Ces arguments n'ont toutefois pas dissuadé l'UMP - qui ne votera pas le texte - de déposer une motion de renvoi en commission (écartée par les députés) et l'UDI de s'orienter vers une "abstention négative".
Des nouvelles de la proposition de loi sur la protection de l'enfance et l'adoption
Un amendement du groupe EELV (Ecologistes) proposant une interdiction de la fessée - finalement retiré en contrepartie de l'engagement de le rattacher à un texte plus approprié - a permis d'en apprendre un peu plus sur la seconde proposition de loi qui devrait être issue du défunt projet de loi Famille. Marie-Anne Chapdelaine, la rapporteure (PS) du texte en discussion, a en effet confirmé qu'une proposition de loi devrait être déposée prochainement au Sénat sur la protection de l'enfance et l'adoption, deux domaines qui concernent au plus haut point les départements. Le dépôt éventuel d'une telle proposition de loi est toutefois suspendu aux conclusions, d'ici à l'été, d'une mission d'information sénatoriale sur la protection de l'enfance.
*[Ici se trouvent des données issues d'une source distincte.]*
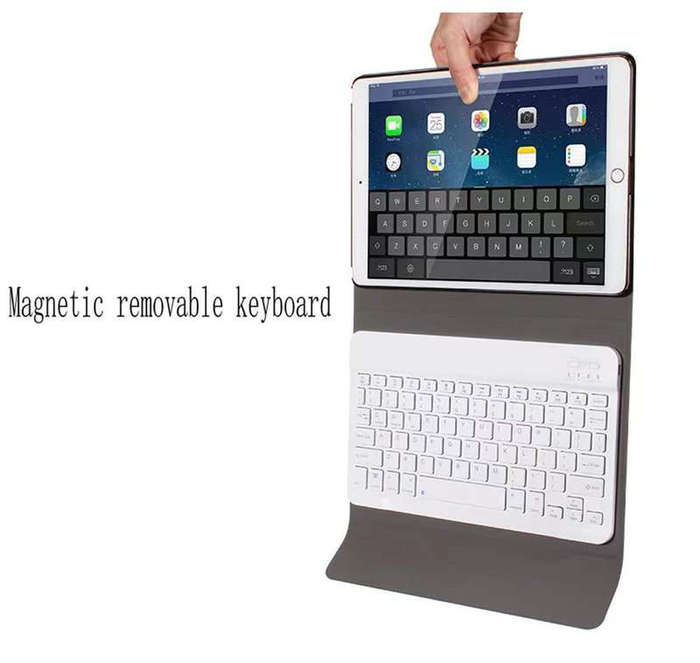 Removable Smart Bluetooth Leather Keyboard Case for iPad Air 9.7 Air2 & Pro
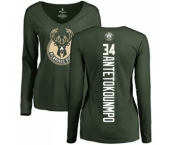 NBA Women's Nike Milwaukee Bucks #34 Giannis Antetokounmpo Green Backer Long Sleeve T-Shirt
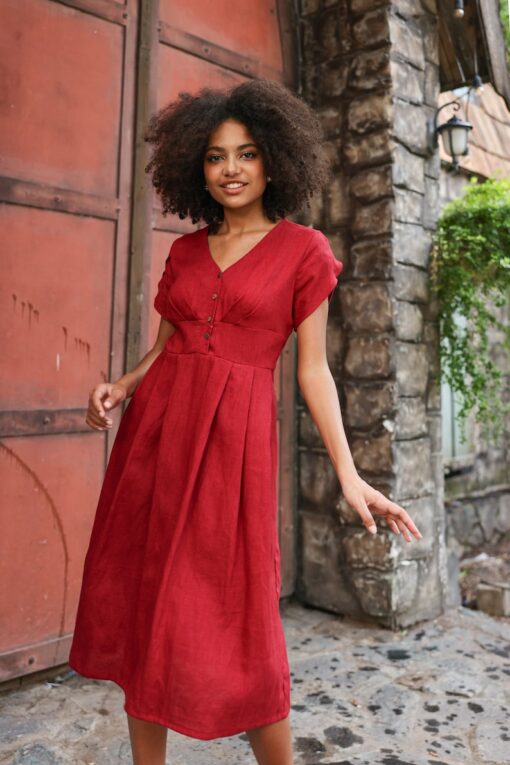 CHORA Linen Midi Dress Effortless Elegance for Summer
Après l'examen de la proposition de loi à l'Assemblée nationale du 19 au 21 mai, le vote sur le texte devrait intervenir le 28 mai.
Jean-Noël Escudié / PCA
Référence : proposition de loi relative à l'autorité parentale et à l'intérêt de l'enfant (examiné en première lecture à l'Assemblée nationale du 19 au 21 mai, scrutin prévu le 28 mai 2014).